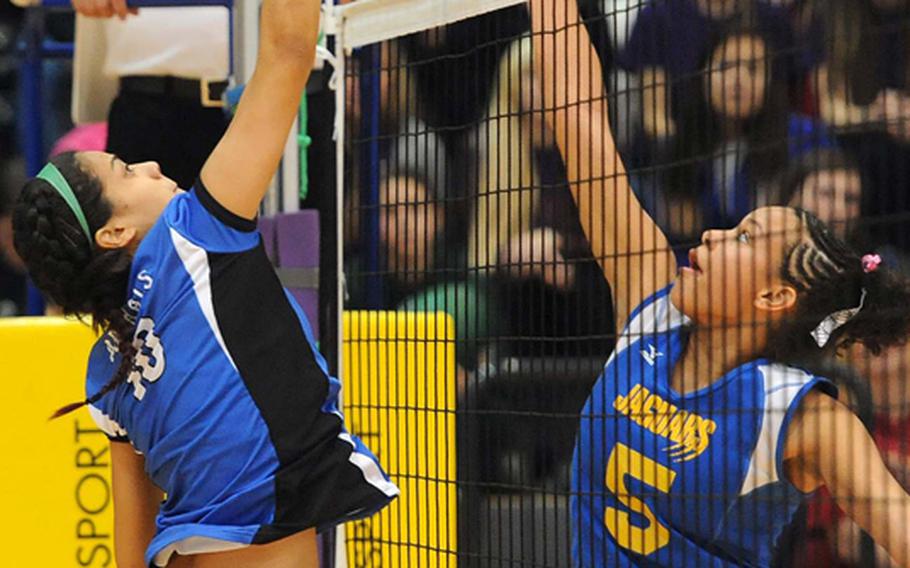 Rota's Natalia Rivera, left, and Sigonella's Deeanna Brown battle at the net in the Division III final at the DODDS-Europe volleyball championships. Rota took its third straight Division III title with a  25-18, 25-23, 25-19 win.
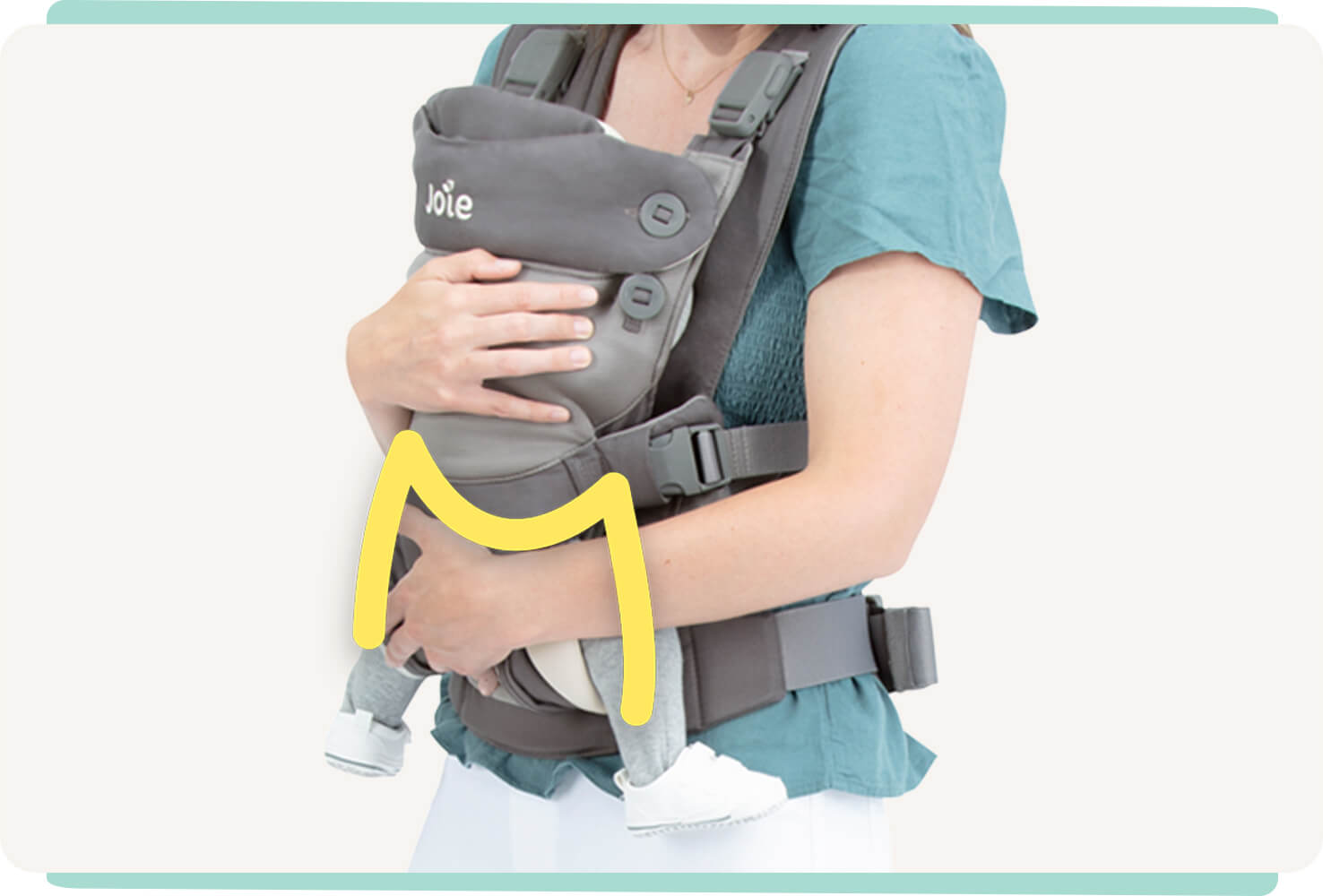 Gros plan sur un bébé installé dans un porte-bébé 3-en-1 Joie Savvy Lite, coloris gris, avec une ligne jaune indiquant la forme en « M » des hanches du bébé.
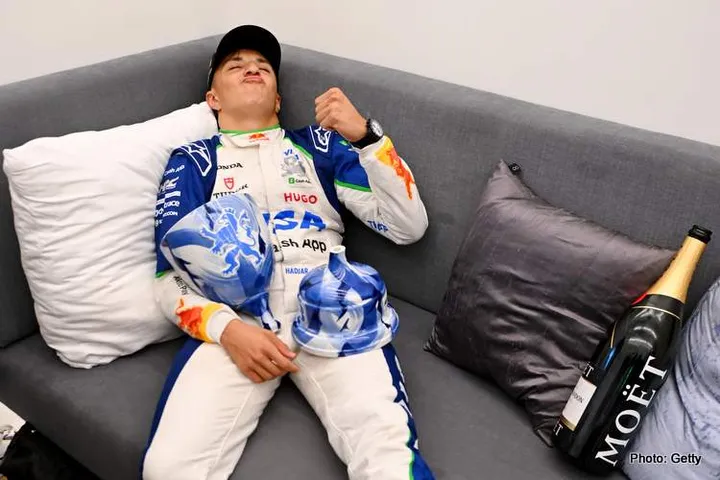 ZANDVOORT, NETHERLANDS - AUGUST 31: Third placed Isack Hadjar of France and Visa Cash App Racing Bulls celebrates with his broken trophy during the F1 Grand Prix of Netherlands at Circuit Zandvoort on August 31, 2025 in Zandvoort, Netherlands. (Photo by Rudy Carezzevoli/Getty Images) // Getty Images / Red Bull Content Pool // SI202509010210 // Usage for editorial use only //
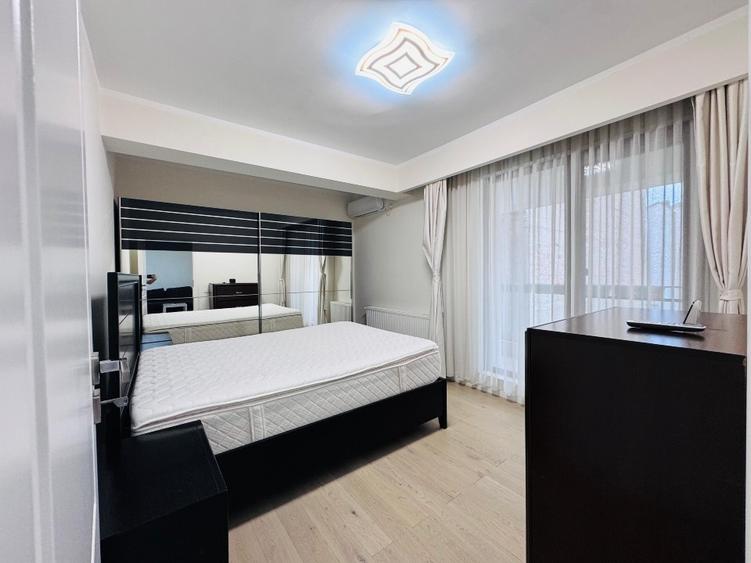 Apartament cu 3 camere semidecomandat, mobilat în Banu Manta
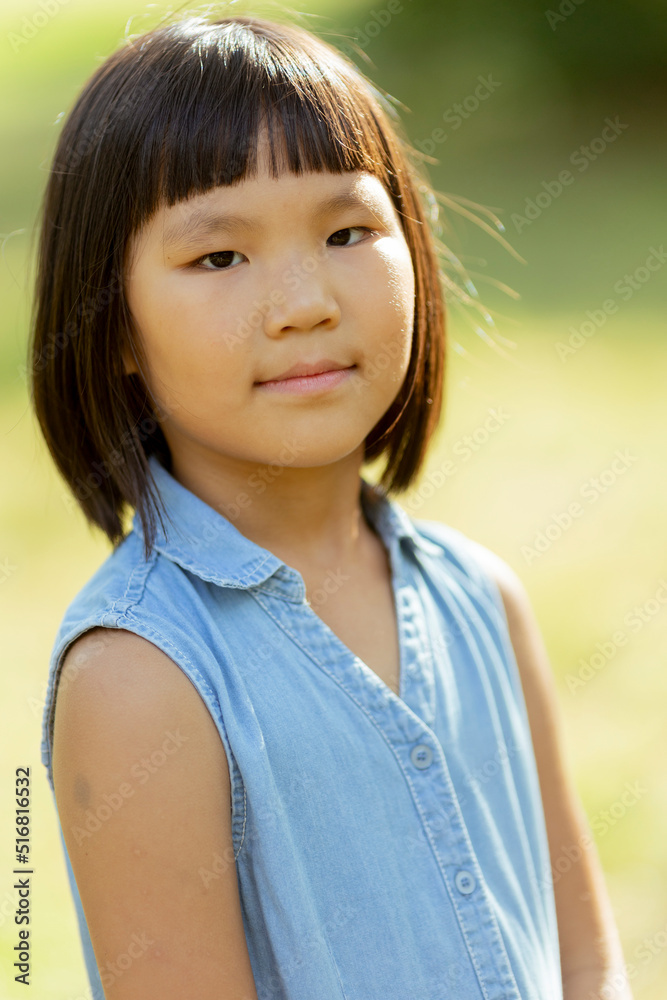 Little Korean girl standing in the park Little Korean girl standing in the park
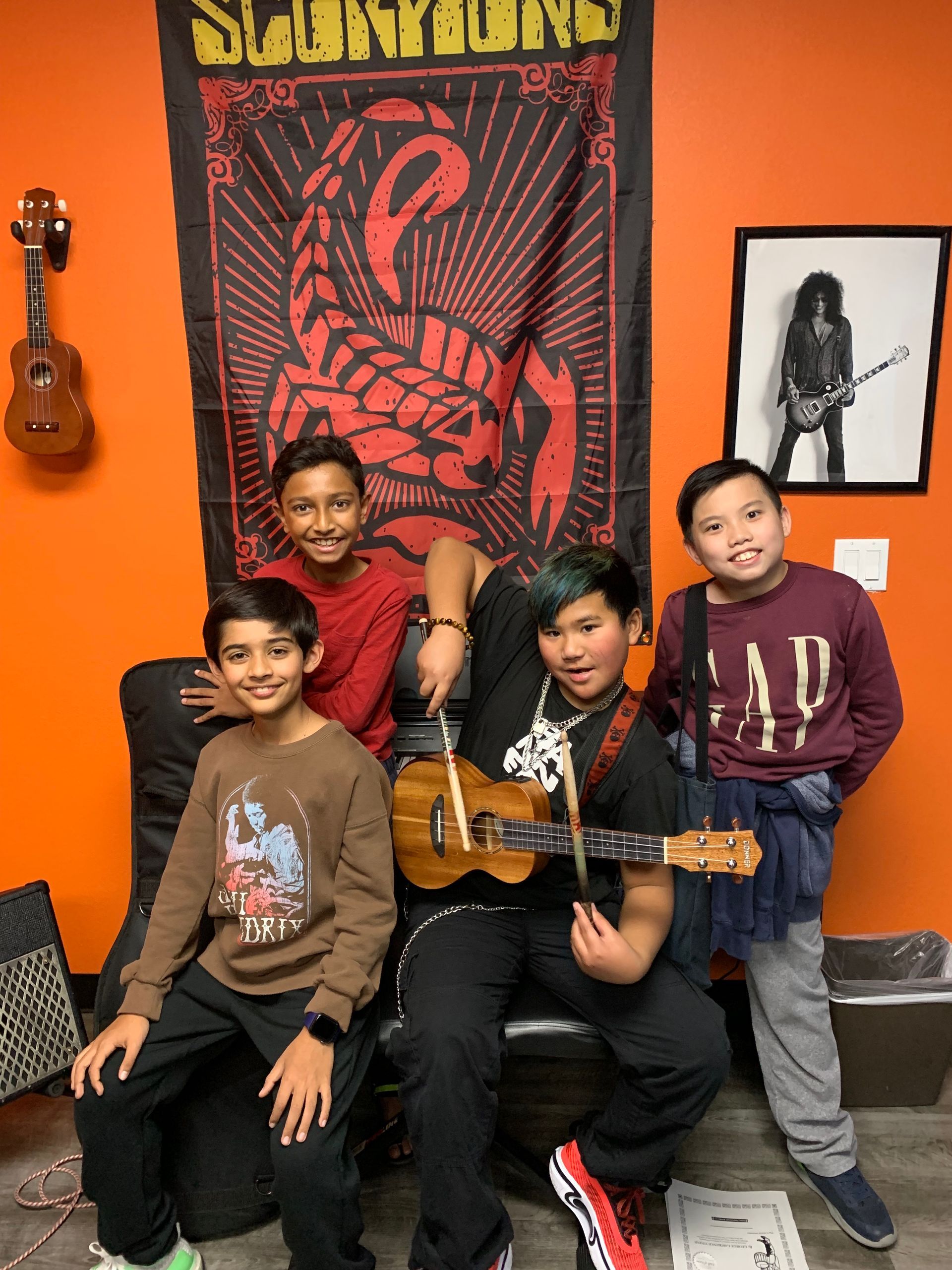 Four people posing with guitars in a bright orange music room, smiling in front of a band poster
--------------------------------
# Action item
Print the records above word for word, omitting any picture they contain.

# Response box
 Rota's Natalia Rivera, left, and Sigonella's Deeanna Brown battle at the net in the Division III final at the DODDS-Europe volleyball championships. Rota took its third straight Division III title with a  25-18, 25-23, 25-19 win.
 Gros plan sur un bébé installé dans un porte-bébé 3-en-1 Joie Savvy Lite, coloris gris, avec une ligne jaune indiquant la forme en « M » des hanches du bébé.
 ZANDVOORT, NETHERLANDS - AUGUST 31: Third placed Isack Hadjar of France and Visa Cash App Racing Bulls celebrates with his broken trophy during the F1 Grand Prix of Netherlands at Circuit Zandvoort on August 31, 2025 in Zandvoort, Netherlands. (Photo by Rudy Carezzevoli/Getty Images) // Getty Images / Red Bull Content Pool // SI202509010210 // Usage for editorial use only //
 Apartament cu 3 camere semidecomandat, mobilat în Banu Manta
 Little Korean girl standing in the park Little Korean girl standing in the park
 Four people posing with guitars in a bright orange music room, smiling in front of a band poster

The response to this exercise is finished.